Não custa, por isso, fazer uma curta explicação que aqui deixo para compreender o mandato dos deputados: começamos pelo artigo 150.º onde se prevê que a representação de todo o povo conferida aos deputados está patente na definição da Assembleia da república como assembleia representativa de todos os cidadãos portugueses. Depois, e não se exigem, caros camaradas, grandes exercícios de leitura, no artigo 152.º a nossa Constituição prevê o princípio de que os “deputados representam todo o país e não os círculos por que são eleitos“.

Por outro lado, é lamentável que a esquerda não se recorde também da distinção, herdada da Revolução Francesa, entre “mandato representativo” e “mandato imperativo“. O primeiro, consagrado naquele artigo, implica que o governante eleito representa todo o Estado; já o segundo, o “mandato imperativo”, usado no sistema político francês até àquela Revolução, tratava-se de um mandato outorgado ao político que não tinha liberdade para aturar, devendo seguir estritamente as ordens da comunidade, sob pena de perder o seu cargo.

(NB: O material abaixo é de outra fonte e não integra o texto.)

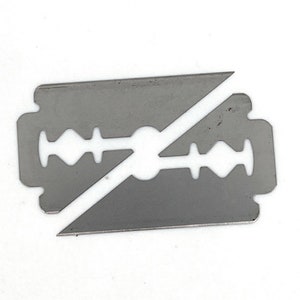 May include: A silver razor blade with a broken edge. The blade is designed with a central hole and a series of small holes along the edges.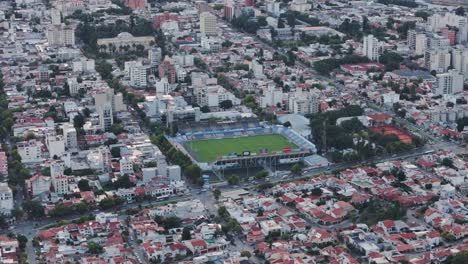 Aerial-Push-Over-Capital-City-Of-Salta-View-Of-Cars-Passing-Football-Stadium-Estadio-el-Gigante-del-Norte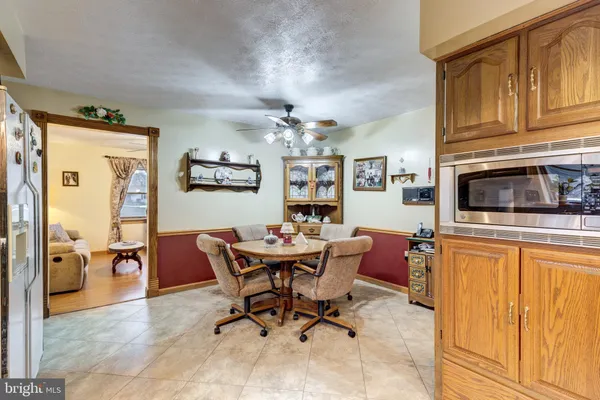 a view of a dining room with furniture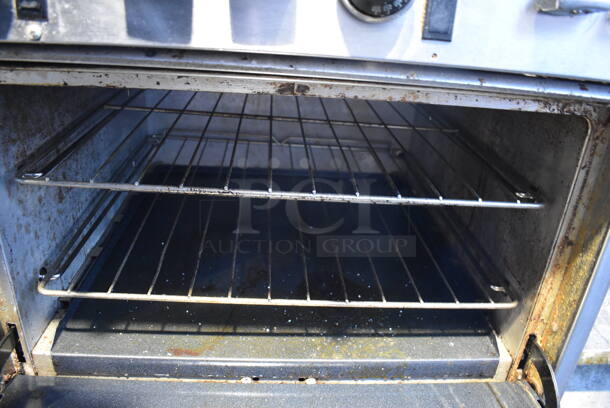 Southbend Select Stainless Steel Commercial Natural Gas Powered 6 Burner Range w/ Flat Top Griddle, Convection Oven, Oven, Over Shelf and Back Splash on Commercial Castesr. 61x35x60 - Image 9 of 9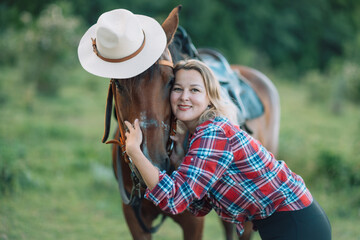 Happy blonde with horse in forest. Woman and a horse walking through the field during the day. Dressed in a plaid shirt and black leggings.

Compreendo que este tipo de esquerda seja autoritária, ditatorial, que goste de mandar e de seguir, de forma ortodoxa, ideias e ideologias. Ainda assim, devo alertar o autor daquele texto, para o seguinte: mesmo que traindo os seus berços, as suas origens, opte por deixar de votar em Viseu apesar de tal, como o próprio admite, ser uma belíssima e honrosa “afirmação política e ideológica”,  os deputados que eleger graças ao seu triunfal voto representaram todo o povo.

Os problemas que o autor não trata e que ficam implícitos, em parte, na sua conclusão quando assume que os deputados do PCP também seguem à risca a disciplina de voto são outros: por um lado, a prática constitucional não tem salvaguardado, plenamente, a liberdade de ação dos Deputados e dos grupos parlamentares, numa Assembleia fortemente dominada pelos partidos; por outro, há uma diferença de responsabilidade e de maturidade nos partidos em causa. Por fim, o autor omite a proposta que foi votada no Parlamento, proposta pelo PS, e que recomenda a redução dos custos das portagens naquelas auto estradas e que foi aprovada com os votos favoráveis do PS e com a abstenção do PSD e do CDS.

A solução, caro leitor, caro camarada, passaria por rever a Constituição e o sistema eleitoral. Algo que, segundo creio, o PCP não entende ser urgente por esta ser uma constituição altamente “garantística“, uma constituição de “Abril”, assumindo uma postura conservadora em relação à mesma.